I disagree with OP. SSRI's only worsen things for many people, but same can be said for MAOI's. Plus the latter have more serious adverse effects in general, given you don't follow the directions carefully.


----------



## redtogo72 (Jun 7, 2008)

I'm probably going to try a MAOI in a month or two. I've tried a lot of other different meds, and haven't found one that works well. Only Adderall,what I'm currently taking, and Klonopin have helped me somewhat. Since I can't take Adderall with a MAOI, I'm concerned that I'll be too tired/sleepy during the day. Also, MAOIs make some people gain weight. :/


----------



## Area88 (Oct 4, 2010)

Thanks for all your posts guys. Good luck redtogo72, you're making the right choice.

Just elaborate a bit more on my OP, I live in the UK and paid £200 to go see a Private Psychiatrist in London. He, along with my GP, agreed the MAOI's were the most effective class of drugs for anxiety, ocd and atypical depression related illnesses. The Pyschiatrist has given my doctor full clearance to try any MAOI I wish to try.

We are trying Moclobemide for 6 weeks and then if that is unsuccessful, next on the list is Tranylcypromine aka Parnate.

I realise a lot of you live in the United States where access to these types of drugs are limited and you have to pay for all your prescriptions. Over in the UK, we get all our drugs free on the NHS.

Regardless of where you live, if there is a drug you want to try and no one wants to give it to you, pay to go and see a top Pyschiatrist. They will listen and give you their proper expertise. Come over to London if you have the money


----------



## crayzyMed (Nov 2, 2006)

Moclobemide is garbage, go for parnate or nardil!!!


----------



## Area88 (Oct 4, 2010)

Thanks for the advice crayzyMed! I have every intention to take Parnate but will give Moclobemide a chance just to please the Doctor and Psychiatrist. It's a relationship based around trust and I want to prove I am responsible enough to handle Parnate since it's next on our list.


----------



## JJ153 (Jun 15, 2010)

metamorphosis said:


> Why did you stop? Did your SAD go into total remission or was there another raeson?

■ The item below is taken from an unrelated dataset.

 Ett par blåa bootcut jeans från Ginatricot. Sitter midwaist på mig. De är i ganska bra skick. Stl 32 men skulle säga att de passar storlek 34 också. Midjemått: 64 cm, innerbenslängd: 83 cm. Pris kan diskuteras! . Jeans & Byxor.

I was taking Parnate and also Zeldox. I stopped because while it helped me face more social situations, I still had social anxiety and everything in life sort of became dullsville. I really didn't enjoy anything anymore-just going through the motions. I will consider asking my doctor to switch me back or over to Nardil if my Cipralex doesn't kick in soon.


----------



## Edwin (Jun 19, 2008)

JJ153 said:


> I was taking Parnate and also Zeldox. I stopped because while it helped me face more social situations, I still had social anxiety and everything in life sort of became dullsville. I really didn't enjoy anything anymore-just going through the motions. I will consider asking my doctor to switch me back or over to Nardil if my Cipralex doesn't kick in soon.

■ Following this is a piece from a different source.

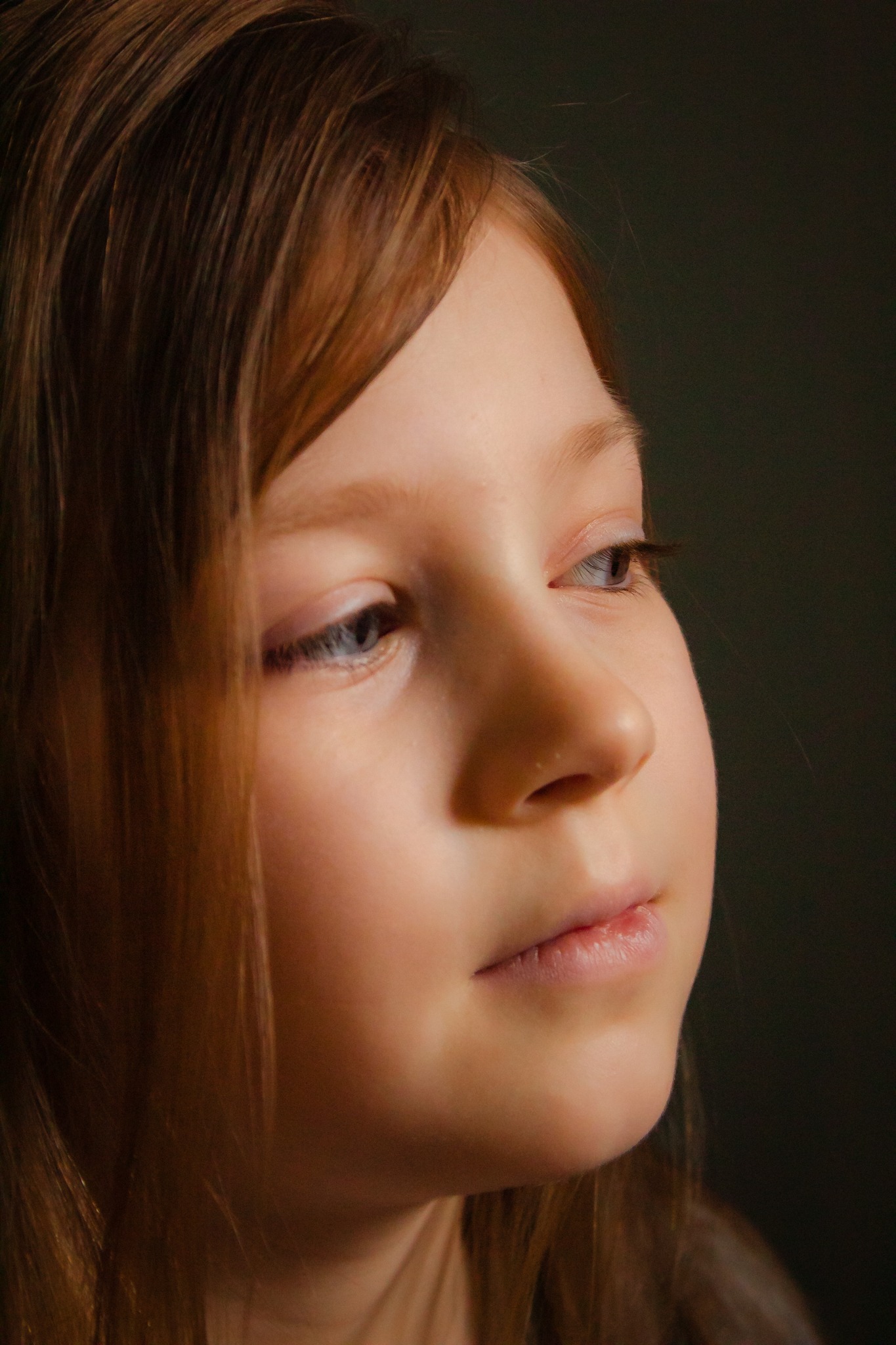 Portret z profilu dziewczynki o jasnej karnacji i długich, rudawych włosach, z delikatnym uśmiechem i błękitnymi oczami, spoglądającej w lewą stronę, na ciemnym, rozmytym tle.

I would blame this more on Zeldox, anti-psychotics are evil.


----------



## Edwin (Jun 19, 2008)

Pure MAOI's are probably only useful as an augmentation strategy. Luckily, both Nardil and Parnate are not pure MAOI's and have more useful effects.


----------



## gordonjohnson008 (Nov 2, 2008)

Area88 said:


> It's proven that people with long terms illnesses with Social Anxiety, Atypical Depression and OCD make a full recovery with the MAOI class of drug with *no side effects*.
> 
> MAOI's are *the only drug class that can bring around a full recovery* since it works on EVERY neurotransmitter in the brain, not just specific chemicals in the brain.


Hey Area88, I'm with you that MAOIs are perhaps the most powerful potential treatment for SA (and depression). However, the portions I've boldened above I disagree with. Other drugs can bring about recovery just as well. I personally had amazing success on Klonopin+Paxil, and had really good success on Paxil alone. YMMV.

In addition, be aware that MAOIs generally have the worse side effect profile of any meds commonly used against SA. I've taken SSRIs, benzos, MAOIs including Parnate & Nardil, etc. Side effects from MAOIs were INTENSE. Yes, many of these diminish over time for most people. But, you're going to feel it for awhile. Some don't go away, at least not entirely.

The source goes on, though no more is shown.